The South Korean military held two exercises using live ammunition in late December as a show of force and resolve in response to North Korea’s shelling of Yeonpyeong island in November. Tensions have been high on the peninsula, and numerous commentators and policymakers have openly worried about the possibility that war could erupt at any moment. Bill Richardson, former governor of New Mexico and a frequent visitor to North Korea, called the peninsula a “tinderbox.” Many respected scholars and commentators openly worried about the possibility of war, speaking of the need for resolve and a tough stance towards the North, or breathing a sigh of relief that “North Korea blinked” and backed down.

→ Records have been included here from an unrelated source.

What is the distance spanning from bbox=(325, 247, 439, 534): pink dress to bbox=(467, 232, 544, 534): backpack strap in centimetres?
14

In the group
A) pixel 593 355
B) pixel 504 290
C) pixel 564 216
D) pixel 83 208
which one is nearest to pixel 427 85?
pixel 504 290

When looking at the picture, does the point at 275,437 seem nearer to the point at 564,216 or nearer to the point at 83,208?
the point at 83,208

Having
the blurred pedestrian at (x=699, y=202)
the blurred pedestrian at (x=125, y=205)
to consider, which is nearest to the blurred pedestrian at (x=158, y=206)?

However, despite dueling artillery barrages and the sinking of a warship, pledges of “enormous retaliation,” in-your-face joint military exercises and urgent calls for talks, the risk of all-out war on the Korean peninsula is less than it has been at anytime in the past four decades. North Korea didn’t blink, because it had no intention of actually starting a major war. Rather than signifying a new round of escalating tension between North and South Korea, the events of the past year point to something else—a new cold war between the two sides.

 

In fact, one of my pet peeves is the analogies we use to describe the situation between South and North Korea. We often call the situation a “powder keg” or a “tinderbox,” implying a very unstable situation in which one small spark could lead to a huge explosion. But the evidence actually leads to the opposite conclusion: we have gone sixty years without a major war, despite numerous “sparks” such as the skirmishing and shows of force that occurred over the past month. If one believes the situation is a tinderbox, the only explanation for six decades without a major war is that we have been extraordinarily lucky.

I prefer the opposite explanation: deterrence is quite stable because both sides know the costs of a major war, and both sides—rhetoric and muscle-flexing aside—keep smaller incidents in their proper perspective.

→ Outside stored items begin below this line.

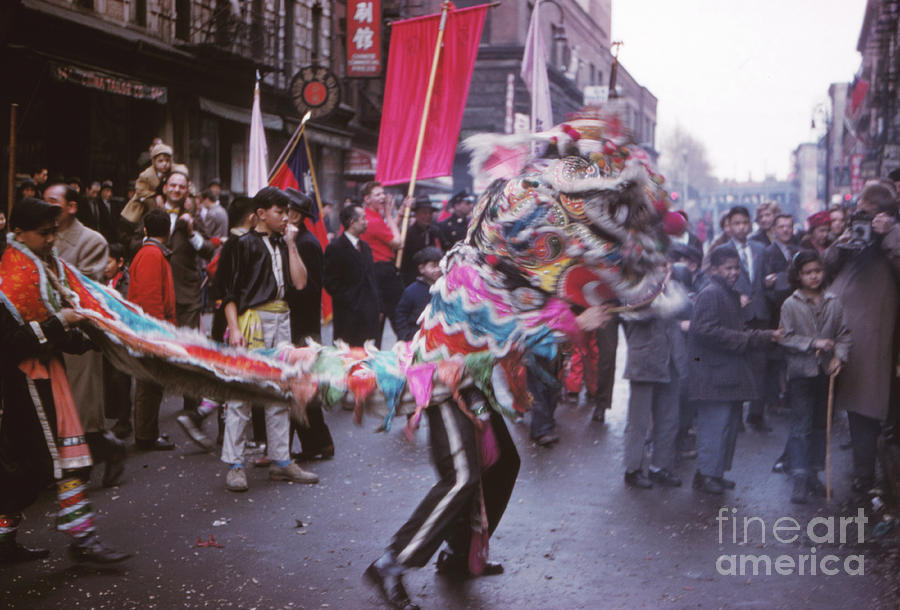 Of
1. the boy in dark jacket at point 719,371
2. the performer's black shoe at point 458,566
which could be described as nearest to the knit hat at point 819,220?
the boy in dark jacket at point 719,371

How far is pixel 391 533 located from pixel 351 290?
11.8ft

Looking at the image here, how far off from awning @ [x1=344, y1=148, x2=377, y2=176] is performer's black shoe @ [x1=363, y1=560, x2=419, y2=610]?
24460mm

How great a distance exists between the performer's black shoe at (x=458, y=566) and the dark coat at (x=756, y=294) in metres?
4.70

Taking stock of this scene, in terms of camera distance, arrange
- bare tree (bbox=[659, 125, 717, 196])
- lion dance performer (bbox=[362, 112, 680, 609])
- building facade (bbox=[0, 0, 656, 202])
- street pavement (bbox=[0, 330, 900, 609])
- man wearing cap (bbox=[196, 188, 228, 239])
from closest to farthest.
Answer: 1. lion dance performer (bbox=[362, 112, 680, 609])
2. street pavement (bbox=[0, 330, 900, 609])
3. man wearing cap (bbox=[196, 188, 228, 239])
4. building facade (bbox=[0, 0, 656, 202])
5. bare tree (bbox=[659, 125, 717, 196])

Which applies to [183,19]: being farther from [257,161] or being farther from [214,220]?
[257,161]

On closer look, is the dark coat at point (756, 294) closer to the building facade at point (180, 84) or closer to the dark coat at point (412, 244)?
the building facade at point (180, 84)

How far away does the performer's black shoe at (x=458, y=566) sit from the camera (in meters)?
4.49

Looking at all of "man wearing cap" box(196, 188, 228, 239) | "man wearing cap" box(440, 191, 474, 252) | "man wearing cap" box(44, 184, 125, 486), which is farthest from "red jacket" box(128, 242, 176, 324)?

How can this be, when North Korea threatens to use massive retaliation and mentions its nuclear weapons in its rhetoric, and when the South Korean leadership and military is determined to "respond relentlessly" to meet any North Korean provocation?

Local skirmishing has stayed local for sixty years. The key issue is whether a local fight could escalate into all-out war, such as North Korea shelling Seoul with artillery or missiles. Such a decision would clearly have to be taken at the top of the North Korean leadership. Especially when tensions are high, both militaries are on high alert and local commanders particularly careful with their actions. Without a clear directive from the top, it is not likely that a commander one hundred kilometers away from the military exercises would make a decision on his own to start shooting at Seoul. For their part, North Korean leaders have not made such a decision in sixty years, knowing that any major attack on Seoul would cause a massive response from the South Korean and U.S. forces and would carry the war into Pyongyang and beyond. After the fighting, North Korea would cease to exist.

Thus, while both North and South Korean leaders talk in grim tones about war, both sides have kept the actual fighting to localized areas, and I have seen no indication that this time the North Korean leadership plans to expand the fighting into a general war.

If my analysis is correct, the most dangerous situation would be that of a “cornered tiger”: a situation in which the North Korean regime believes that its own existence is threatened. Faced with that situation, leaders could decide that a last-gasp attack on the South is better than passively accepting fate.

In fact, the New Cold War on the peninsula works for the domestic politics of every country: in the United States, President Obama can sound tough and resolute on an issue where both Democrats and Republicans agree that North Korea is at fault.

In South Korea, both President Lee Myung-bak and the military faced both criticism and embarrassment for not being better prepared to deal with contingencies such as the shelling at Yeonpyeong. Hawkish rhetoric and symbolic military actions not only confirm for his supporters that his tough approach has always been the correct approach, but also is a means for President Lee to call for all South Koreans to “rally around the flag” and support him in the face of an external threat.

The Cold War also works for North Korean domestic politics. The latest incidents have quite likely raised the morale of the North Korean military. The incidents have also probably solidified support within the ruling regime for a hard-line stance, as well: In the current tense environment, I doubt that any member of the cabinet or party in North Korea is advocating giving concessions and engaging with the South or the United States. Thus, North Korean leaders are most likely interpreting the events of the past few months as justifying their own provocative actions.

 

Given this analysis, we are left with a decidedly unsexy policy option: the standard Cold War strategy of deterrence, patience and hope for internal change in North Korea.

Eventually events on the Korean peninsula will stop repeating themselves, and one of the most likely changes will be some type of collapse in the North. We should begin preparing now for that eventuality, no matter how far it lies in the future.